Terza strategia: la filiera corta

Una terza via possibile di valorizzazione dei prodotti agroalimentari è la commercializzazione mediante le filiere corte.

Queste possono essere di vario tipo:

■    vendita diretta in azienda;

■    vendita presso un punto esterno singolo o associato;

■    vendita presso mercati all’aperto;

■    vendita per corrispondenza;

■    l’e-commerce;

■    consegna a domicilio a singoli o a gruppi organizzati di consumatori.

Conoscere direttamente i produttori e la zona geografica di provenienza del prodotto

agroalimentare, per alcuni consumatori rappresenta una forma di garanzia della qualità stessa del prodotto.
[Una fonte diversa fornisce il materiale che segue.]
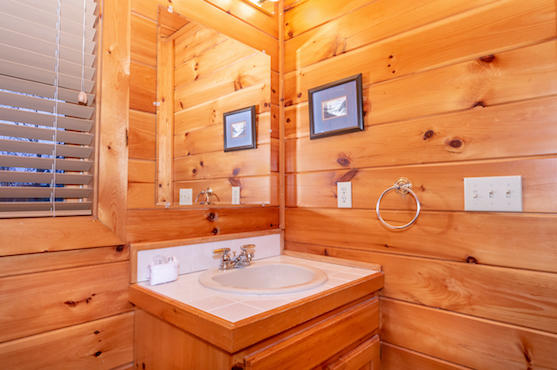 Starr Crest Lodge | Photo 34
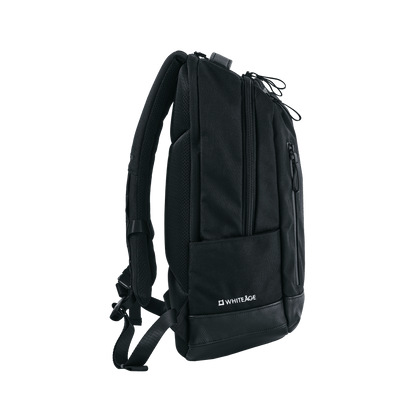 GEX Backpack L - WHITEÂGE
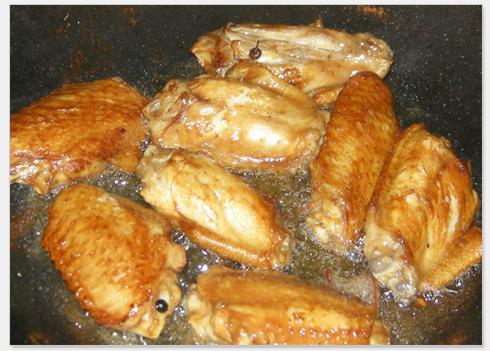 �������������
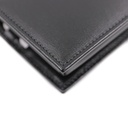 Gucci Horsebit 1955 Wallet On Chain 621892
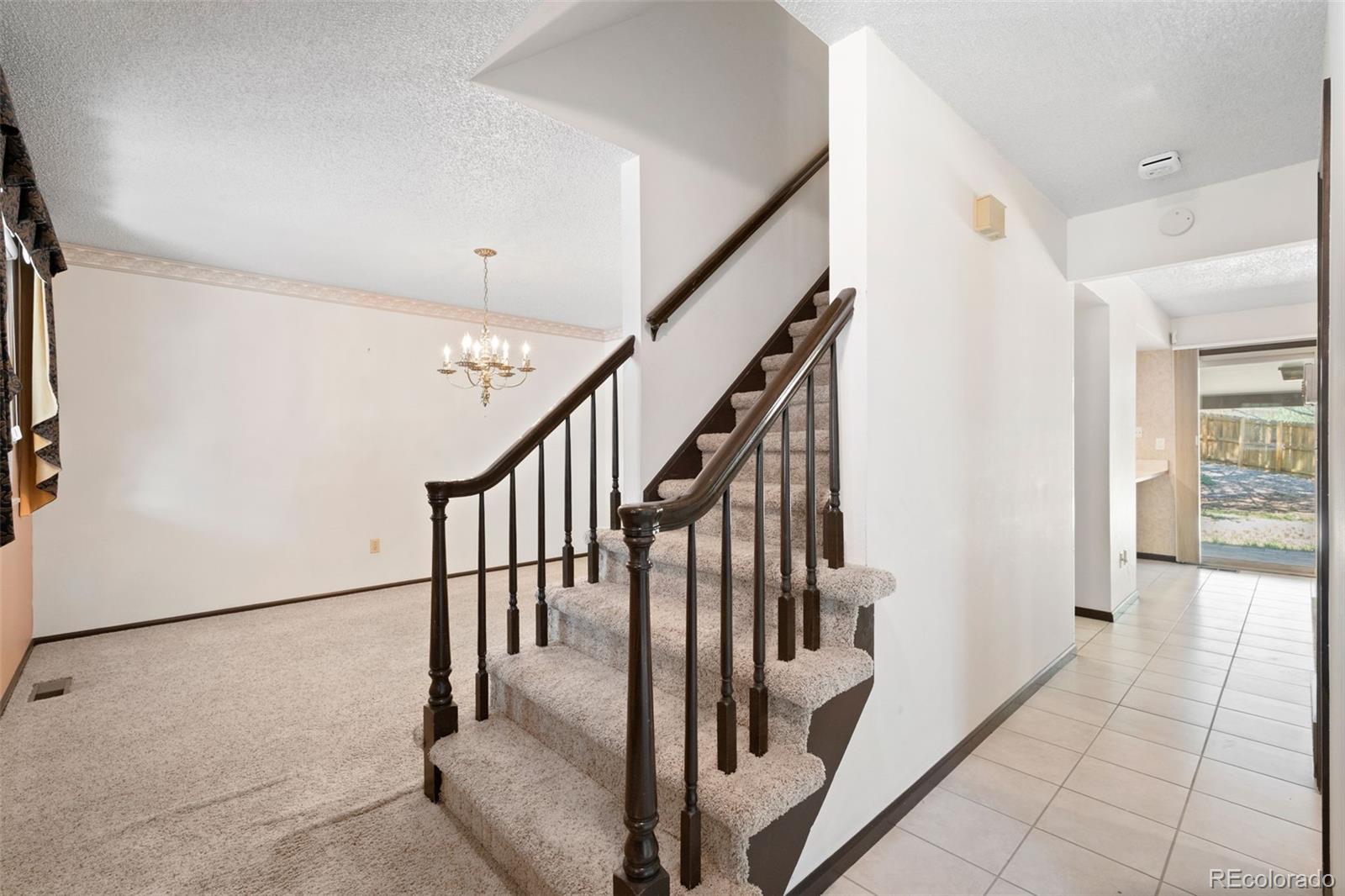 MLS Image #4 for 10985 w montana place,lakewood, Colorado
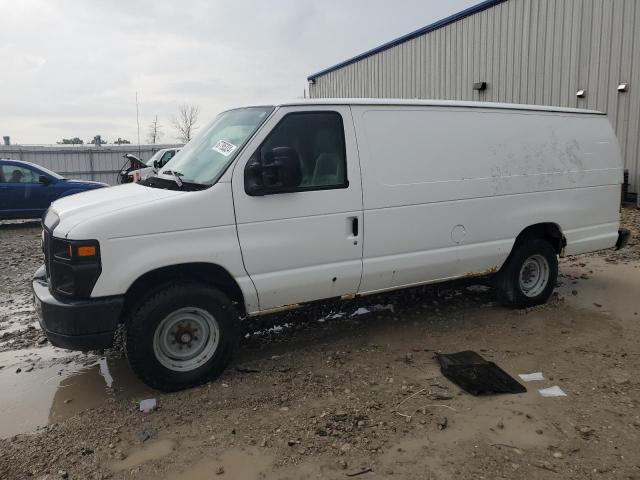 FORD ECONOLINE 2013 1ftss3el9dda48683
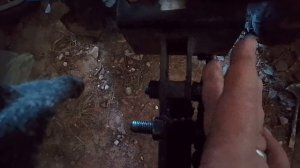 Нева мб Энергия + окучник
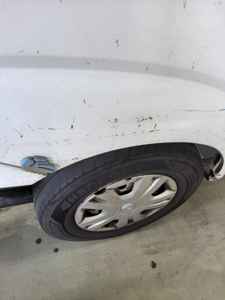 كيا الجديد بونجو Iii Cargo 1 طن King Cab Extra طويل المدى Wheelbase L 2020 طويل المدى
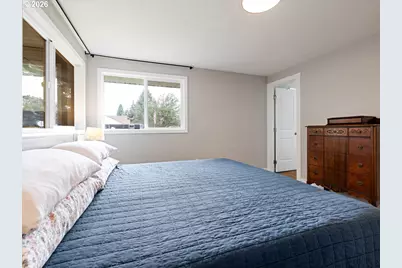 31835 Eastway St, Lebanon, OR 97355 - Photo 27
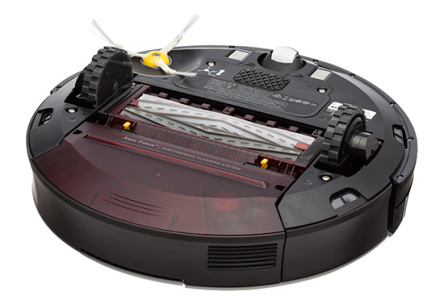 iRobot Roomba 880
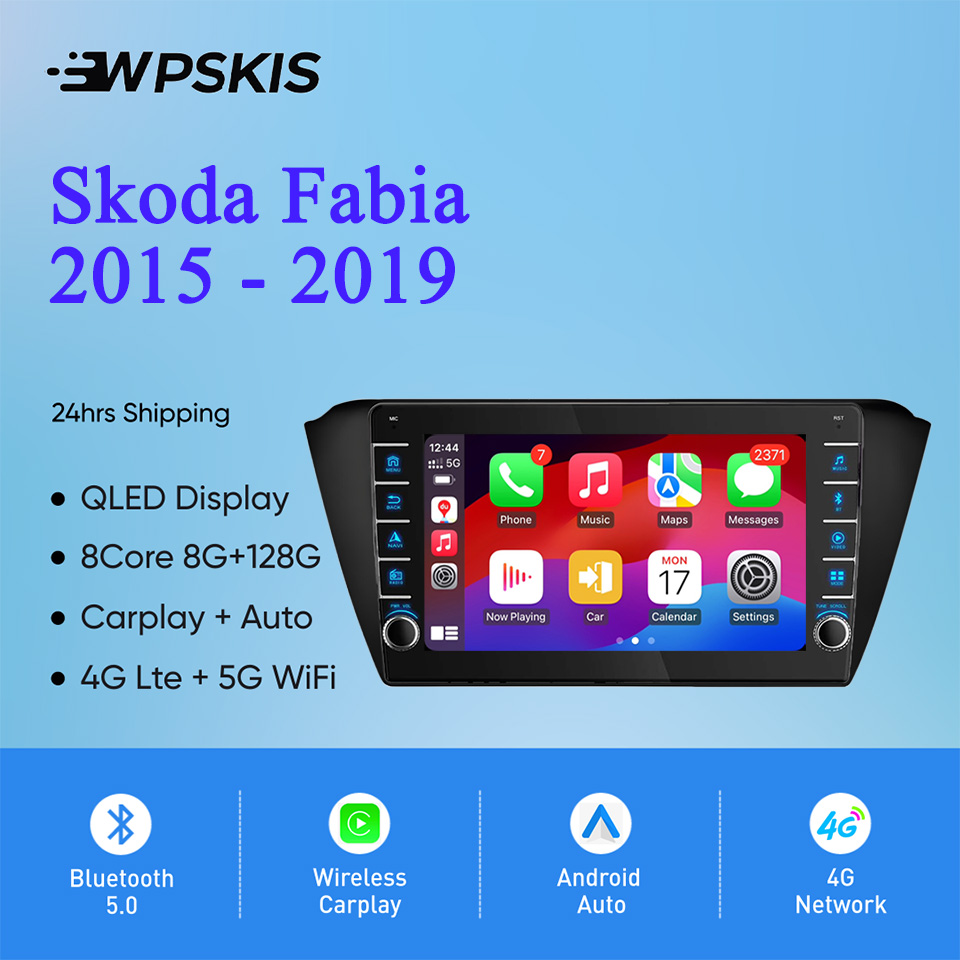 Audio Music Hindi - 8G Ram 128 ГБ Android 14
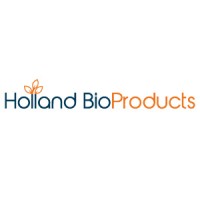 Holland BioProducts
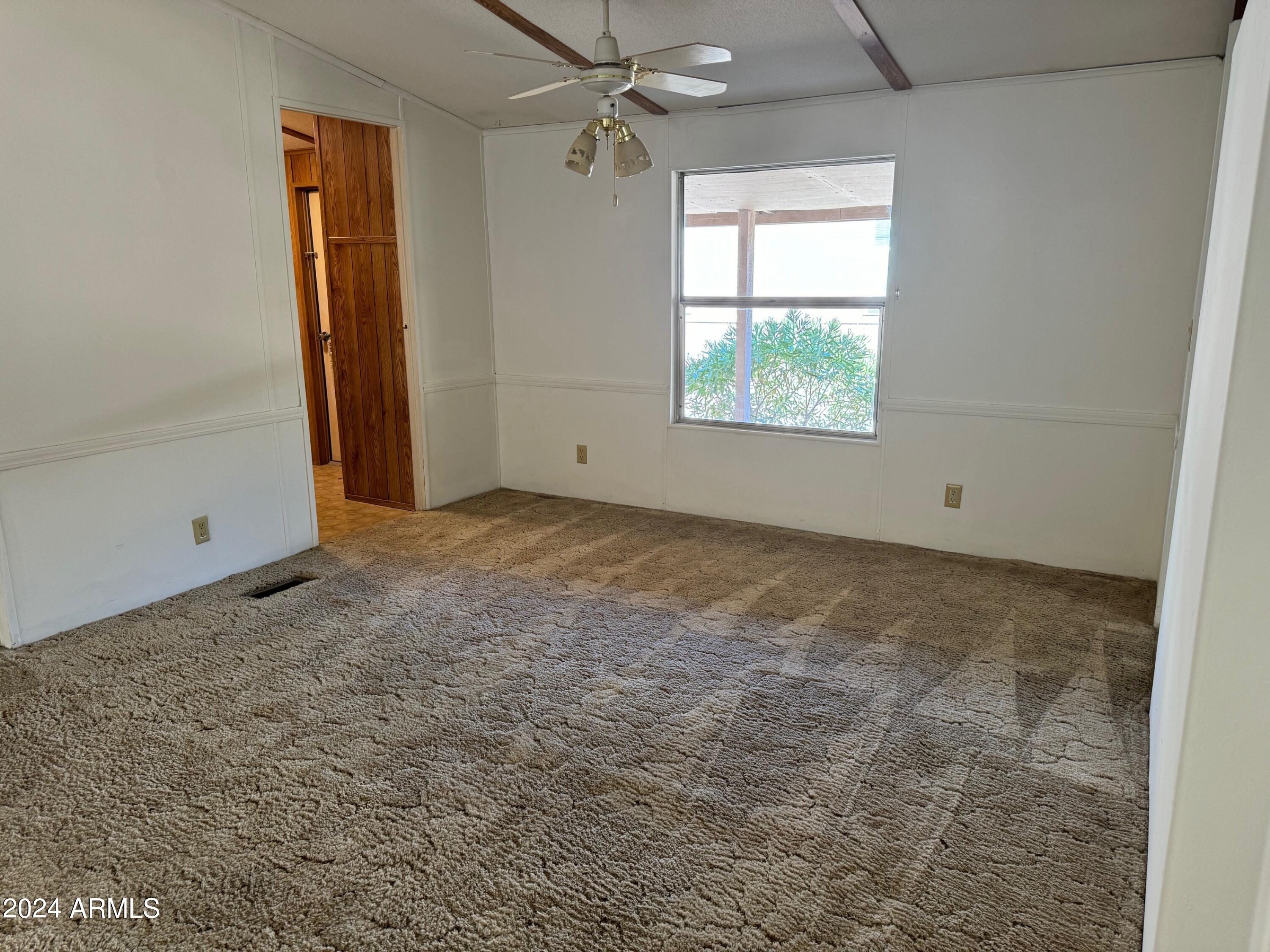 3901 E PINNACLE PEAK Road, 10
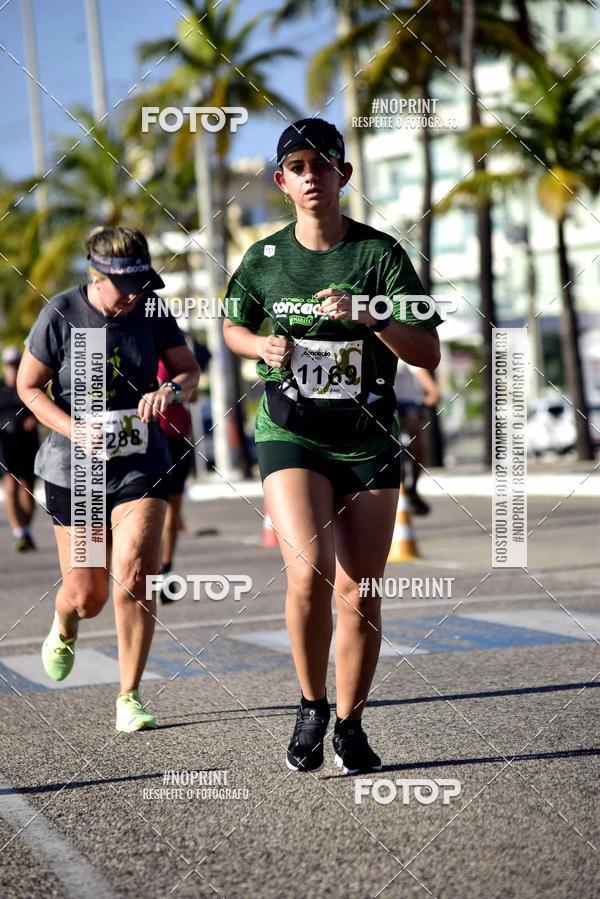 Buy your photos of the eventMeia da Concei��o on Fotop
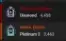 R6 conta vários Dima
Poi, alcuni consumatori accolgono favorevolmente la possibilità di potere sostenere le imprese agricole locali. Inoltre, l’acquisto di prodotti locali, per la riduzione del trasporto e del numero di passaggi tra più soggetti rispetto alla filiera tradizionale, può avere come effetto, non sempre a onore del vero, un contenimento dei prezzi dei prodotti agricoli.

Per i produttori, la filiera corta è un’opportunità in quanto può assicurare un maggiore valore aggiunto della produzione (= maggiore ricavo); inoltre, il contatto diretto con i consumatori può promuovere l’instaurarsi di un rapporto durevole di fiducia garantendo, così, gli sbocchi commerciali dei prodotti.

Alcuni agricoltori della filiera corta preferiscono gestire in comune il rapporto con i clienti e questo permette loro di aumentare il ventaglio dei prodotti offerti agli acquirenti e di poter proporre anche un servizio comune di consegna a domicilio. Questa modalità di vendita diretta associata permette agli agricoltori di ridurre i costi per il servizio di vendita dei propri prodotti e, contemporaneamente, facilita gli acquisti da parte dei consumatori che accolgono con favore tale opportunità.

In definitiva, e rispetto alle tre strategie, possiamo dire che, nell’effettuare le scelte più opportune in merito alle strategie di valorizzazione dei prodotti agricoli, i soggetti promotori devono tenere conto di diversi aspetti, tra questi la tipologia di configurazione della filiera, la possibilità di coordinamento tra gli attori coinvolti, le caratteristiche del mercato di riferimento.

Inoltre, è necessario affermare che le strategie esemplificative di valorizzazione dei prodotti agricoli che sono state esposte non sono necessariamente alternative, ovvero l’una non esclude l’altra, ma se scelte in modo opportuno possono essere attuate congiuntamente secondo forme diverse per agire in modo complementare e sinergico.